How to get the closest matches first from MySQL

How to get the closest matches first from MySQL - mysql

I have a table of 10 million records and and am trying to select user details like firstname, lastname and country. I need to get results back in order where (order by column="abc") would give me results where those that match are ranked on the top.
what I have tried
Query one
-- this is match slower with 45+ seconds
select firstname, lastname, town
from user_db
order by town="abc" DESC
limit 25;
Query two
-- much faster with 0.00019 seconds
select firstname, lastname, town
from user_db
order by town DESC
limit 25;
The problem
The first query also works but takes 45+ seconds while if I remove the equals expression in the (order by clause) like in the second query, it's match faster. And obviously I do use where clauses but this is a simplified example.
other notes
There are currently no joins on the query as it is just a simple select statment of user details and my setup is pretty good with 30GB ram and 2TB of storage all local.
Indexes: All columns mentioned have indexes but the (order by town="abc") clause triggers a full table search and as a result, this ends up finishing in 2 minutes
Is there a way to get results ranked by closest matches first faster within a single query?
Any help will gladly be appreciated. Thank you.

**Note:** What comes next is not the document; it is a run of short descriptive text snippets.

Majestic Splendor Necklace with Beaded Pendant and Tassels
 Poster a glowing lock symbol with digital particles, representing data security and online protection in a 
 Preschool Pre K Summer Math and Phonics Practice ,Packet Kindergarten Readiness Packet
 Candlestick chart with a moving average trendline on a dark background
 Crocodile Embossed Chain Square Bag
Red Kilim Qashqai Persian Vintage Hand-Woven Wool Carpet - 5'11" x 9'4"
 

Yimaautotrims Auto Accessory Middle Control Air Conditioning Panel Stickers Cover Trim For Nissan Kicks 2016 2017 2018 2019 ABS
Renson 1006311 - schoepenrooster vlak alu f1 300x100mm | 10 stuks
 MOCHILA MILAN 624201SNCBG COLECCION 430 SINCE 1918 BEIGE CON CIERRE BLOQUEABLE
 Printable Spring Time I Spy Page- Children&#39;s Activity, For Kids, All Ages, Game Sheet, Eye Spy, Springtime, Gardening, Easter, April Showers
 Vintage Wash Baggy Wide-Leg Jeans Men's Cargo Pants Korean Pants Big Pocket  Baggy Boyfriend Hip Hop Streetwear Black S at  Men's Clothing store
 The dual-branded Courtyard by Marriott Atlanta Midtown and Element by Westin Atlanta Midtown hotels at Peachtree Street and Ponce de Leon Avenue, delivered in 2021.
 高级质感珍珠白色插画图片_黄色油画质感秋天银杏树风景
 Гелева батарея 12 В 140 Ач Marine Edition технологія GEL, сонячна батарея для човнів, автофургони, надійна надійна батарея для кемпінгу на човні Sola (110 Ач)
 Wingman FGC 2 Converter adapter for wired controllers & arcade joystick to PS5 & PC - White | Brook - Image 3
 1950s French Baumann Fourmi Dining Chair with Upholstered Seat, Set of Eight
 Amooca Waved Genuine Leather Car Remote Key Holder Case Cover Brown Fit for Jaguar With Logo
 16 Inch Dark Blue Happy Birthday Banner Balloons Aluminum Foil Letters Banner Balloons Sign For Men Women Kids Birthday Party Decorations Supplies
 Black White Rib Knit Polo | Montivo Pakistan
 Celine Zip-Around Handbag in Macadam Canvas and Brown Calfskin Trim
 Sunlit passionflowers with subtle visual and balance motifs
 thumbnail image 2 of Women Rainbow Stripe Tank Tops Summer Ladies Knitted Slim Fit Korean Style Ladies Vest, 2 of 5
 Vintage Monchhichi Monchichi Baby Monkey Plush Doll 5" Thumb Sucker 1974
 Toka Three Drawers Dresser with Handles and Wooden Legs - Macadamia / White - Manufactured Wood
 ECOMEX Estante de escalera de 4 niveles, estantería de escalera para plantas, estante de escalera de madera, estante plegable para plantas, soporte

It looks to me like your user_db table has an index on your town column. That means ORDER BY town DESC LIMIT 25 can be satisfied in O(1) constant time by random-accessing the index to the last row and then scanning 25 rows of the index.
But your ORDER BY town='abc' DESC LIMIT 25 has to look at, and sort, every single row in the table. MySQL doesn't use an index to help compute that town='abc' condition when it appears in an ORDER BY clause.
Many people with requirements like yours use FULLTEXT searching and ordering by the MATCH() function. That gets a useful ordering for a person looking at the closest matches like in the searching location bar of a web browser. But don't expect Google-like match accuracy from MySQL.

You can decouple the query into two queries each one being very fast.
First, create an index on town.
create index ix1 on user_db (town);
Then get the matches, with a limit of 25 rows:
select * from user_db where town = 'abc' limit 25
The query above may return any number of rows between 0 and 25: let's call this number R. Then, get the non-matches:
select * from user_db where town <> 'abc' limit 25 - R
Assemble both result sets and problem solved. Even if the second query results in a table scan, it will be concluded earlier resulting in a low cost.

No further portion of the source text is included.